Many enthusiasts in the target audience have 2-4 Mac Minis. Today, each machine runs its own mlx-stack instance independently. To use multiple machines, the agent framework must:

  1. Know about each machine's endpoint
  2. Know which models are loaded on which machine
  3. Implement its own load balancing
  4. Handle failover when a machine goes down

No agent framework does this well. Most users just pick one machine and waste the others, or manually configure different agents to point at different machines.

Why Exo Isn't the Answer

Exo (exo-explore/exo) promises distributed inference — splitting a single large model across multiple machines. But it's plagued with reliability issues:

  • Nodes disappear during model downloads (GitHub #775)
  • mDNS discovery fails, clusters can't form (#1534)
  • No fault tolerance — if any node drops, the entire inference fails (#1325)
  • Only does one thing: split a model. The much more common need is capacity scaling.

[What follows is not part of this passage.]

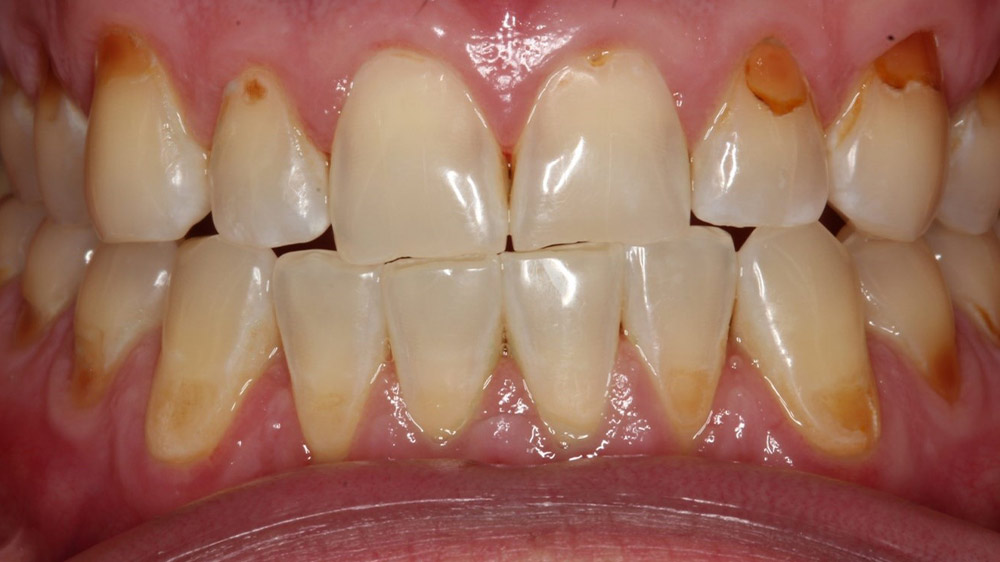 teeth enamels with cavities in them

Exo's approach is fundamentally fragile because splitting a model across unreliable consumer networking is hard. A single dropped packet during a tensor-parallel forward pass means a failed request.

Proposed Solution

Architecture

                    ┌─────────────────────────┐
                    │    Coordinator Node      │
                    │    (auto-elected)        │
                    │                          │
                    │  Unified API :4000       │
                    │  ┌───────────────────┐   │
                    │  │  Request Router   │   │
                    │  │  Node Health Map  │   │
                    │  │  Model Registry   │   │
                    │  └───────────────────┘   │
                    └──────────┬──────────────┘
                               │
              ┌────────────────┼────────────────┐
              │                │                │
    ┌─────────▼──────┐  ┌─────▼──────────┐  ┌──▼──────────────┐
    │  Mac Mini #1   │  │  Mac Mini #2   │  │  Mac Mini #3    │
    │  mlx-stack     │  │  mlx-stack     │  │  mlx-stack      │
    │                │  │                │  │                  │
    │  standard:     │  │  standard:     │  │  standard:       │
    │    qwen3-32b   │  │    qwen3-32b   │  │    deepseek-72b  │
    │  fast:         │  │  fast:         │  │  fast:           │
    │    qwen3-8b    │  │    qwen3-8b    │  │    qwen3-8b      │
    └────────────────┘  └────────────────┘  └─────────────────┘

Key Design Principle: Independence First

Each node is a fully functional, self-sufficient mlx-stack instance. The mesh is an overlay, not a dependency:

  • Node goes down? Requests reroute to surviving nodes. Zero interruption.
  • Network flakes? Each node continues serving locally. Mesh reconnects when network recovers.
  • Coordinator goes down? Another node auto-elects as coordinator. The mesh self-heals.
  • User wants to disconnect a node? Just shut it down. The mesh adapts.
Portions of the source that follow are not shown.